A Fecomércio também afirma que esse consumo menor e endividamento serão passageiros, a depender dos dados da CNC sobre Intenção de Consumo das Famílias. Eles indicam uma recuperação gradual a partir do segundo semestre do ano passado: o Paraná marcou 95,5 pontos — 77,8 foi a média nacional. A escala é de 0 a 200, sendo 100 um número mínimo ideal.

O que fazer quando se está endividado

1. Quite as dívidas diretamente com os credores — financeiras, bancos, cartões, lojas e fornecedores —, sem ajuda de empresas especializadas.

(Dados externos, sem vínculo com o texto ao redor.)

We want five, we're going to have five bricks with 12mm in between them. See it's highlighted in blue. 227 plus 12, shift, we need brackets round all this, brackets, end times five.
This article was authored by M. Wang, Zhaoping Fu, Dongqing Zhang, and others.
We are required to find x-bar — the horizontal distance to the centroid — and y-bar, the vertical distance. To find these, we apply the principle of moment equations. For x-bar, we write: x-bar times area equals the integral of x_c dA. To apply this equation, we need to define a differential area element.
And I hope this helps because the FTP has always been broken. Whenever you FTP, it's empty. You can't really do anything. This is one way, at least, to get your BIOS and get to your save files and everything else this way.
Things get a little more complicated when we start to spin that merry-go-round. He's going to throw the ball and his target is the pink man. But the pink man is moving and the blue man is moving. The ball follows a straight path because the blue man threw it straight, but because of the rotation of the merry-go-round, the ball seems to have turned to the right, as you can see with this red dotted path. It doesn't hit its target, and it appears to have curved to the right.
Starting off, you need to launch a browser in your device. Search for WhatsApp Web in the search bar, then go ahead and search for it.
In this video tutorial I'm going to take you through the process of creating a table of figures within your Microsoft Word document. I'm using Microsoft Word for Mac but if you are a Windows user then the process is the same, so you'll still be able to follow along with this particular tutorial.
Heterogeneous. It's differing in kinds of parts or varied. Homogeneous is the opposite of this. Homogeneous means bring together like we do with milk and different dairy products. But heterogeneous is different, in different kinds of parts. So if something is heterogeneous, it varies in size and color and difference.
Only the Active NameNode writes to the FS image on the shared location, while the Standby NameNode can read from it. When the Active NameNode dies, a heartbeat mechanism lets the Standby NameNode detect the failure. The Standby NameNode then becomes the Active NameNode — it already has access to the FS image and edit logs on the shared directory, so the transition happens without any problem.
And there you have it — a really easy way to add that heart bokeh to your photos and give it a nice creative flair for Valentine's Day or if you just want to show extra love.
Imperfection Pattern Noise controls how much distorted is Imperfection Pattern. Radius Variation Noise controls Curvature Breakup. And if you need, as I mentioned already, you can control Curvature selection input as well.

2. Nunca recorra ao agiota para pagar uma dívida. Isso faz com que você assuma outra de valor maior.

3. Procure substituir dívidas com juros maiores, por financiamentos com juros menores, por exemplo, evite a utilização do limite do cheque especial ou o pagamento do mínimo no cartão de crédito, optando por empréstimo consignado, pois os juros são mais baixos.

4. Negocie prazos maiores para pagamento, em parcelas menores ou abatimento substancial para a liquidação da dívida à vista.

5. Ao ser cobrado por empresa especializada de serviços de cobrança, pague, além do principal, apenas os juros previstos em contrato. As demais despesas são de responsabilidade da empresa credora.

6. Exija, por escrito, tudo que foi combinado verbalmente.

7. Exija e guarde sempre os comprovantes de pagamentos efetuados.

8. Se o débito for decorrente de crediário ou cheque sem fundo e estiver em cartório, basta pagar o valor impresso na intimação.

9. Após a realização do acordo ou do pagamento do débito, seu nome deverá ser retirado de cadastros de inadimplentes no prazo de 48 horas contados da comprovação do pagamento, de acordo com a Lei Estadual 15967/08.